Environment variables¶

Note

This section relates to environment variables that impact Numba’s runtime, for compile time environment variables see Build time environment variables and configuration of optional components.

Numba allows its behaviour to be changed through the use of environment variables. Unless otherwise mentioned, those variables have integer values and default to zero.

For convenience, Numba also supports the use of a configuration file to persist configuration settings. Note: To use this feature pyyaml must be installed.

The configuration file must be named .numba_config.yaml and be present in the directory from which the Python interpreter is invoked. The configuration file, if present, is read for configuration settings before the environment variables are searched. This means that the environment variable settings will override the settings obtained from a configuration file (the configuration file is for setting permanent preferences whereas the environment variables are for ephemeral preferences).

The format of the configuration file is a dictionary in YAML format that maps the environment variables below (without the NUMBA_ prefix) to a desired value. For example, to permanently switch on developer mode (NUMBA_DEVELOPER_MODE environment variable) and control flow graph printing (NUMBA_DUMP_CFG environment variable), create a configuration file with the contents:

developer_mode: 1
dump_cfg: 1

This can be especially useful in the case of wanting to use a set color scheme based on terminal background color. For example, if the terminal background color is black, the dark_bg color scheme would be well suited and can be set for permanent use by adding:

color_scheme: dark_bg

Jit flags¶

These variables globally override flags to the jit() decorator.

NUMBA_BOUNDSCHECK¶

If set to 0 or 1, globally disable or enable bounds checking, respectively. The default if the variable is not set or set to an empty string is to use the boundscheck flag passed to the jit() decorator for a given function. See the documentation of @jit for more information.

Note, due to limitations in numba, the bounds checking currently produces exception messages that do not match those from NumPy. If you set NUMBA_FULL_TRACEBACKS=1, the full exception message with the axis, index, and shape information will be printed to the terminal.

Debugging¶

These variables influence what is printed out during compilation of JIT functions.

NUMBA_DEVELOPER_MODE¶: If set to non-zero, developer mode produces full tracebacks and disables help instructions. Default is zero.

NUMBA_FULL_TRACEBACKS¶: If set to non-zero, enable full tracebacks when an exception occurs. Defaults to the value set by NUMBA_DEVELOPER_MODE.

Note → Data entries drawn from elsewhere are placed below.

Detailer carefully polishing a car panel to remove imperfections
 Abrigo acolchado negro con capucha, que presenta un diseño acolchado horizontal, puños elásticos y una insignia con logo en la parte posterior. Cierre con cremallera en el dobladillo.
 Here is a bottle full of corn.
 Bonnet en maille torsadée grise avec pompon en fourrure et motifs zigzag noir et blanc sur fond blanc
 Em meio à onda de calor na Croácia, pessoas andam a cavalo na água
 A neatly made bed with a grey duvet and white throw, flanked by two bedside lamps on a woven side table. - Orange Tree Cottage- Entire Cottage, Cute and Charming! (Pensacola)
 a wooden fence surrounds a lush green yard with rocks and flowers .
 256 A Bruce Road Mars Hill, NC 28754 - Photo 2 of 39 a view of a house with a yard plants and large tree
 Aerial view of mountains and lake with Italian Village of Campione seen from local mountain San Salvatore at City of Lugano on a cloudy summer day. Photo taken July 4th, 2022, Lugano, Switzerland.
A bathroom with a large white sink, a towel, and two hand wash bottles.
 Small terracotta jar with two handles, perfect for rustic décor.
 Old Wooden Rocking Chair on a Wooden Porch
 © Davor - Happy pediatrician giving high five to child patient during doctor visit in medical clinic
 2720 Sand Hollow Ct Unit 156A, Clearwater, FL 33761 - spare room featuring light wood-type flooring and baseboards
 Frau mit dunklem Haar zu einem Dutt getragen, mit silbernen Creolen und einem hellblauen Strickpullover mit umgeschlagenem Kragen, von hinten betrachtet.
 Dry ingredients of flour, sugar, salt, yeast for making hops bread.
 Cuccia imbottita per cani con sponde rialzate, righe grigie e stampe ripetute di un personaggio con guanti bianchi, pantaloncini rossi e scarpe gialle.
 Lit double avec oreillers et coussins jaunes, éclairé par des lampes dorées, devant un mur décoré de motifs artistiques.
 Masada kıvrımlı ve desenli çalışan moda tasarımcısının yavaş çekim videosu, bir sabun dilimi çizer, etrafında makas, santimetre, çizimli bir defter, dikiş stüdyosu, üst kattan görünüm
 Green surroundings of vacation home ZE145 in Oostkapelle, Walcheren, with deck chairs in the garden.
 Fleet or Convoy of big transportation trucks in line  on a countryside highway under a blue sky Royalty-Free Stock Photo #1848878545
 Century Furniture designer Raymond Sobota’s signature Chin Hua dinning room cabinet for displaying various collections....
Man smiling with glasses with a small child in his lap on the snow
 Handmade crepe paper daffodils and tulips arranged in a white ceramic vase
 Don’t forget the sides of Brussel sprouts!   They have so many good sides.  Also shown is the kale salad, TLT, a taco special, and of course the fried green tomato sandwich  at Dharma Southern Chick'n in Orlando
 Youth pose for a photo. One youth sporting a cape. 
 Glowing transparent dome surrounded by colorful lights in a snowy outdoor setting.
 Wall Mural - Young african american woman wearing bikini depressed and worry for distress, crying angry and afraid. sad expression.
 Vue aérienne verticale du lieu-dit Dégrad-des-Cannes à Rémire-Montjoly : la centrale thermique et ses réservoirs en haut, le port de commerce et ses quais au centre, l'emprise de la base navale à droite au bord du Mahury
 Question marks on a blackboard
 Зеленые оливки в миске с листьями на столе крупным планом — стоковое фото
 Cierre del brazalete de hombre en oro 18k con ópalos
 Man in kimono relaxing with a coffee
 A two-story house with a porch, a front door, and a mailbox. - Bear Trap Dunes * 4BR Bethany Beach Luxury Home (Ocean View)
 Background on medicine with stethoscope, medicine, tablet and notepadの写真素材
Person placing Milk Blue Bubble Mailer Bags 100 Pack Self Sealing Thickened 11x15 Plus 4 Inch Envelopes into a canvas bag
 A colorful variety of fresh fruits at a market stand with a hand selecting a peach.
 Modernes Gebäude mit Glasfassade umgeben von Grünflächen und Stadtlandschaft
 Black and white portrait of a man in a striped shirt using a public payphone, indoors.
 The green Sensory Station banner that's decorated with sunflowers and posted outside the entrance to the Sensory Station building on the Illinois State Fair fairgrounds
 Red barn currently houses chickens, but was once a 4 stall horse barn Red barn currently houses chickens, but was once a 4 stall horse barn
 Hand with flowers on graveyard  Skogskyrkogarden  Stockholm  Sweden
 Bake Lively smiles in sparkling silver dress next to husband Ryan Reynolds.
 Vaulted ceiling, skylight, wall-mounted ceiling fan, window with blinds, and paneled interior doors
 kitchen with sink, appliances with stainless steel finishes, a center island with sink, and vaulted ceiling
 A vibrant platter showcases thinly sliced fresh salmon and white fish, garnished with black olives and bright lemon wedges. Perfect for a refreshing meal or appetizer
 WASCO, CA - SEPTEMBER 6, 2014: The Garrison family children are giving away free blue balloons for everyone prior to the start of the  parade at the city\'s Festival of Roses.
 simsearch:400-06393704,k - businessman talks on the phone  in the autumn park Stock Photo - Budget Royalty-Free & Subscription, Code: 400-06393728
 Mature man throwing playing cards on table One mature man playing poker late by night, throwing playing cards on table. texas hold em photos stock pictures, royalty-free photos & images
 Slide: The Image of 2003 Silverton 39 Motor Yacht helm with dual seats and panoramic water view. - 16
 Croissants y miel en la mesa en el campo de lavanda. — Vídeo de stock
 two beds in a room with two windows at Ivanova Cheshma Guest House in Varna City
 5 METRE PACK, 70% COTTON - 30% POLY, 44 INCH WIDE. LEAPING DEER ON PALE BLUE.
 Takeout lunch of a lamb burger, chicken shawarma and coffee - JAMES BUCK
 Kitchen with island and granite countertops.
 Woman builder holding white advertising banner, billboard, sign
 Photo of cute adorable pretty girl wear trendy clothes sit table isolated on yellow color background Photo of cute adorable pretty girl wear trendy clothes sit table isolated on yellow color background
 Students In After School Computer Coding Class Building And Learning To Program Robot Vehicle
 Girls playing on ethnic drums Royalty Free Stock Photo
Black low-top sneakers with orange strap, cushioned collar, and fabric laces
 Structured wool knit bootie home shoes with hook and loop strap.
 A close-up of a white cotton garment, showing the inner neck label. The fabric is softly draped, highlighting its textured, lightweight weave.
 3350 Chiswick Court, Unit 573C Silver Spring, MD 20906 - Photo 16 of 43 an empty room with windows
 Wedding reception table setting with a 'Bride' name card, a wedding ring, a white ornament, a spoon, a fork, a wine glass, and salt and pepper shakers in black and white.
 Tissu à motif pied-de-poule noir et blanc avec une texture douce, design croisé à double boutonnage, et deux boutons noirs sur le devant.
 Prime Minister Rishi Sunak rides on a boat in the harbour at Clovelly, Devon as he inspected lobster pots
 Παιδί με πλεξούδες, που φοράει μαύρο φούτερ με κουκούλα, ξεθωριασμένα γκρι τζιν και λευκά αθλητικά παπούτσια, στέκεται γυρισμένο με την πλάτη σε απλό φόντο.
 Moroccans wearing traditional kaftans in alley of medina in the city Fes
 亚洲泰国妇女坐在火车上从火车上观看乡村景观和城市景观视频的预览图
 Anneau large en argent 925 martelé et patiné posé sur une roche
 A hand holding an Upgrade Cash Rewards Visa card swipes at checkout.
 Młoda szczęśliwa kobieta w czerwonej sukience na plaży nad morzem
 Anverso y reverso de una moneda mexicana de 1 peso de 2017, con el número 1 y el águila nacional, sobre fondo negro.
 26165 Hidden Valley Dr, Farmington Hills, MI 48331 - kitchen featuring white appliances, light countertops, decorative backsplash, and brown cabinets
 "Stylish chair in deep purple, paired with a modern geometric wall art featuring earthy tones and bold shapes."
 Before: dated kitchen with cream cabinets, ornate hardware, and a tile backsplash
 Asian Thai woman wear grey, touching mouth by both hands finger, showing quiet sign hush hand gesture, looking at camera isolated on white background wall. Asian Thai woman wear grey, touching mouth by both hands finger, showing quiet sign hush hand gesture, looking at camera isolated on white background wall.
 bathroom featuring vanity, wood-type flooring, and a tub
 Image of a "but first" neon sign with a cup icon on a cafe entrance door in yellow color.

NUMBA_SHOW_HELP¶: If set to non-zero, show resources for getting help. Default is zero.

NUMBA_DISABLE_ERROR_MESSAGE_HIGHLIGHTING¶: If set to non-zero error message highlighting is disabled. This is useful for running the test suite on CI systems.

NUMBA_COLOR_SCHEME¶

Alters the color scheme used in error reporting (requires the colorama package to be installed to work). Valid values are:

no_color No color added, just bold font weighting.
dark_bg Suitable for terminals with a dark background.
light_bg Suitable for terminals with a light background.
blue_bg Suitable for terminals with a blue background.
jupyter_nb Suitable for use in Jupyter Notebooks.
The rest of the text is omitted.